Who? Corporations like Navient. Big businesses that secure government contracts to manage student loans, add fees to the cost of the government interest rates (which are pegged to 10-year treasury notes), and will eagerly garnish your wages, snatch your tax returns, and forever burn down your credit if you try to default. Navient is also famously slick about hiding the best loan payback options, like income-driven repayment, and the details of loan forgiveness programs. The corporation (which, full disclosure, services my own loans) is currently being sued for deceptive business practices in California, Washington, Pennsylvania, and Illinois.
In the cruelest twist of fate, Navient is a publicly traded company and issues stock dividends to shareholders every quarter — thereby removing more cash from our system, keeping wages stagnant, and causing the need for future student loans.
THE CASE FOR ZERO PERCENT INTEREST
Before we get into the zero-percent interest argument, it’s worth noting that the very idea of slicing interest rates of current loans (and future loans, until the system is restructured) down to zero is not the most radical proposition in circulation these days. Not by a long shot. Complete loan forgiveness has actually gained a fair bit of traction in economic circles.
“I would point out,” Steinbaum writes, of the possibility of complete loan cancellation, “it amounts to around the same size in net dollar costs to the government as the recent tax giveaway to the rich, although with a very different beneficiary population. Hence, student debt cancellation would have a much better macroeconomic impact.”
Why is it better to invest in students than the mega-rich? Besides need, the answer is simple: Students and 20-somethings tend to keep their money in the system (buying things, saving, splurging, etc.), vs. the 1% whose money is leveraged to extract even more cash from circulation (stocks purchased and subsequent stock dividends received, etc.).
As Beversdorf explains, “Writing off those loans would actually complete the stimulus package that was started when the loans were issued. But, as the system currently stands, there would be too many strings attached for the ‘forgiven’ students – chains, really – to make it beneficial.”

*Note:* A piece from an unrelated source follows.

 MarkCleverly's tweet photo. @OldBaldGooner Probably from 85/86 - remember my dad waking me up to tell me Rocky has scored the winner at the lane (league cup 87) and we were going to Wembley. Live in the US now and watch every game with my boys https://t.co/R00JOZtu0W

An even more wild idea is a mass refusal to pay on the part of 40 million students. The implausibility of this is demonstrated by the inability of any text chain of four or more people to agree on where to eat for dinner, but that hasn’t stopped economists from exploring the massive impact that such a default would create. This scenario, which is virtually impossible, would be so destructive to the economy that it would actually make the very best option for the government to take the hit on the more than 1.3 trillion in outstanding loans.
Sure, it’s not gonna happen. But it’s fun to think, however fleetingly, that we, the people, have that sort of macroeconomic power, if we could just act in lockstep.

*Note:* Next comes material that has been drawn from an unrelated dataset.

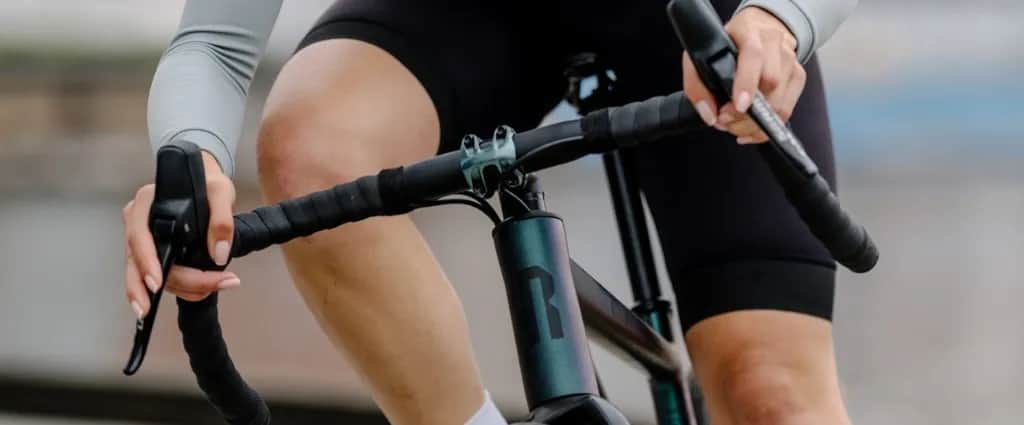 Rower gravel jaki wybrać - kluczowe cechy, które mogą Cię zaskoczyć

Zeroing out interest (or at the very least pegging total interest + fees to the inflation rate) feels far more realistic — even with current student loan rates on the rise. Obviously, it would cost the system money, but that ought not come from taxpayers. Corporations have benefitted from college students flush with cash for decades, the Federal Government has made money (under FCRA) off their interest, and loan servicers like Navient have profited off of them. The idea that these parties would be part of a student debt relief plan is perfectly reasonable and is, in fact, just a cost of doing business in a broken economic system where three human beings control more wealth than the bottom 50% of our nation. (In keeping with Beversdorf’s insistence that both sides of every economic transaction are considered, it’s interesting to wonder how many Microsoft or Apple computers were purchased with college loan money or how many ads have been surfaced for Facebook by students paying their wifi and phone bills with loans.)
“You could see the cost of 0% interest or even a complete loan write down as the end of the cycle from the original loan disbursement,” Beversdorf says. “They gave you money, you spent it, corporations kept it, and now the Federal government has to do something about it or face the same crisis they had in 2008 — a consumer base overwhelmed with debt and no reasonable means to pay it back.”

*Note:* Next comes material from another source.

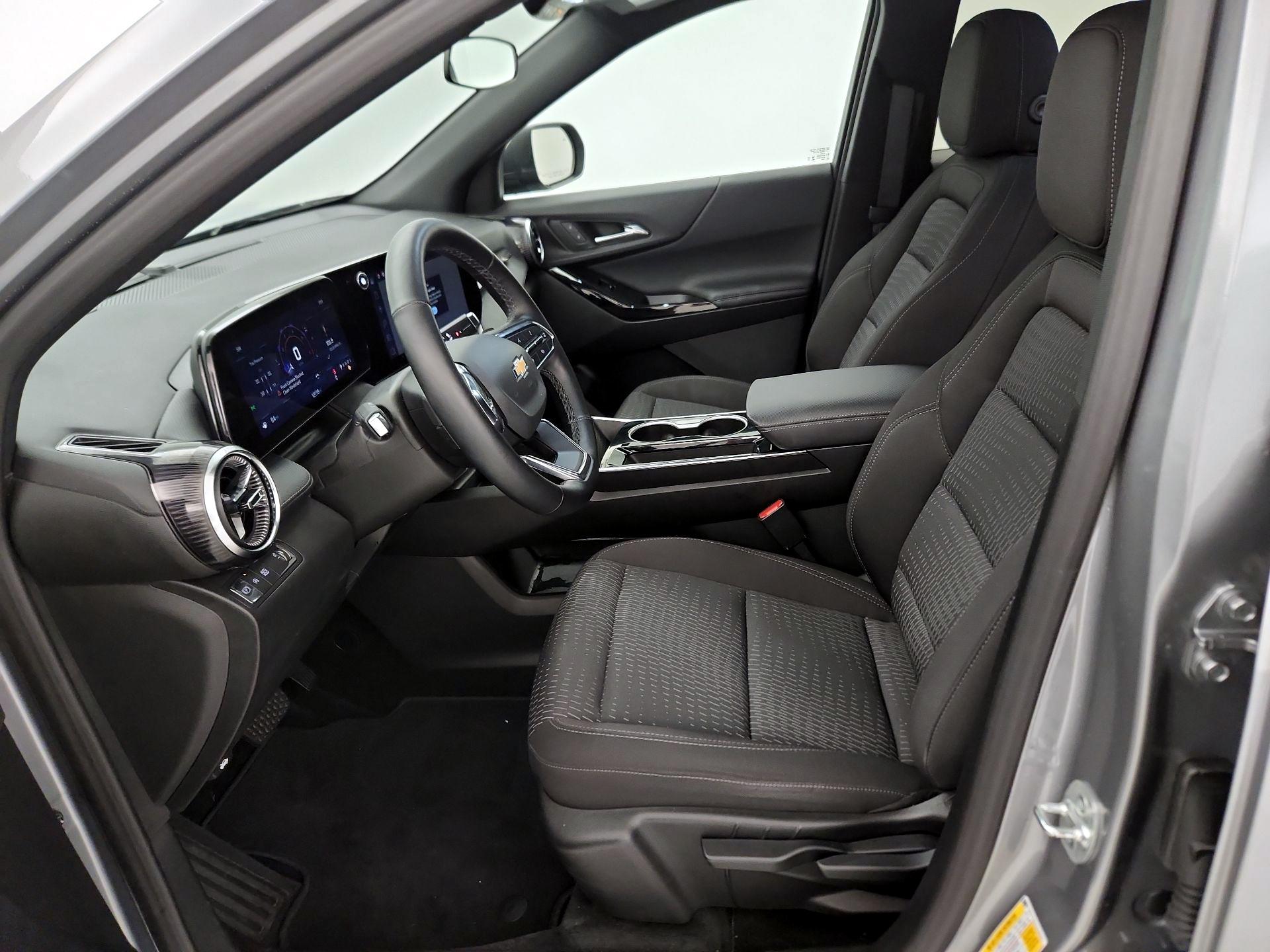 Thumbnail: 2025 Chevrolet Equinox - 11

While zero percent interest sounds like a wild fantasy, it’s gaining a fair bit of traction in Canada. Students are campaigning across the country to slice interest rates to the bone and the entire province of Nova Scotia has already committed to doing exactly that for its residents.
“Eliminating the interest on provincial loans was our commitment from day one,” said Labour and Advanced Education Minister Kelly Regan, “and we’re keeping our promise to students.”
WHY 0% MATTERS
There are plenty of counterpoints against the cost involved in offering 0% interest to borrowers. First of all, Susan Dynarski, a senior fellow at the Brookings Institution, makes the point that the amount of money saved doesn’t help enough to speed up payoff rates significantly. She also notes that it’s a scattershot technique, that would benefit wealthy loan holders disproportionately.
There’s merit here. But students need some break. Something in a system where the entire borrowing set up (cosigners, lower rates with collateral, etc.) is embedded with all sorts of long-proven wealth, gender, and race-based biases and a majority of loans are held by black women.
“One thing that immediately becomes clear upon investigation of the student debt crisis,” Steinbaum writes, “is the extent to which it is a creature of this country’s legacy of racial discrimination, segregation, and economic disadvantage patterned by race.”
Dynarski doesn’t believe in loan forgiveness or lower-interest rates. Her case is for higher incomes for post-grad workers entering the job market. If corporations are finally ready to increase wages, no one is going to argue with that (the Economic Policy Institute calls raising pay “our central economic policy challenge”). But in the meantime, it seems worthwhile — if even just to make a dramatic statement — to create some sort of relief for current borrowers.
Especially since an extra hundred dollars a month in borrowers’ pockets would surely be at least partially filtered to retail markets and go toward supporting the economy.
“Contrarians are going to tell you that this is a ‘moral hazard risk,'” Beversdorf says. “Meaning that the fact that borrowers are getting a bailout now makes them more likely to need it again. But that’s exactly what happened in 2008. We saved banks, knowing that bailing them out might incentivize them to burn us again. If you bail out one but not the other, you’re picking winners and losers, as a government. And it becomes clear that their ‘winners’ are the banks and their ‘losers’ are the students.”
Beversdorf is alluding to the best argument of all for setting interest rates to zero: It’s a bet on students. It would loosen the anxiety that 67% of borrowers feel over their debts. It would give them a chance to think creatively rather than just about generating income. And it would allow them to build solid careers without having to race to keep up with climbing principal amounts. That’s why Nova Scotia did it. It wasn’t a short-term economic decision — viewed strictly as such, it’s not going to seem beneficial. It was an investment in the future and the government clearly understood the message that would send.
“We know that every dollar counts when graduates are beginning their careers,” Kelly Regan said, “and we hope this provides some relief to young people.”
Propositions like this are complicated. They deserve entire books but get 2,300-word essays. Who has time to read the books anyway? Not with interest accruing minute-by-minute (my own balance has increased more than $100 since I started this project last week). No wonder we have dystopian “loan payoff” game shows — people are desperate to catch a break.
To throw an idea like this in the ring is to invite backlash. But as Steinbaum writes in his Levy Institute conclusion, “A radical solution is what the status quo requires.” He’s writing about complete loan forgiveness, but Beversorf believes the same thought applies to a 0% interest rate.
“We can’t continue to feed consumers debt rather than income,” he tells me before hanging up. “Hoping by some miracle that everyone will just stumble over the money to repay their loans.”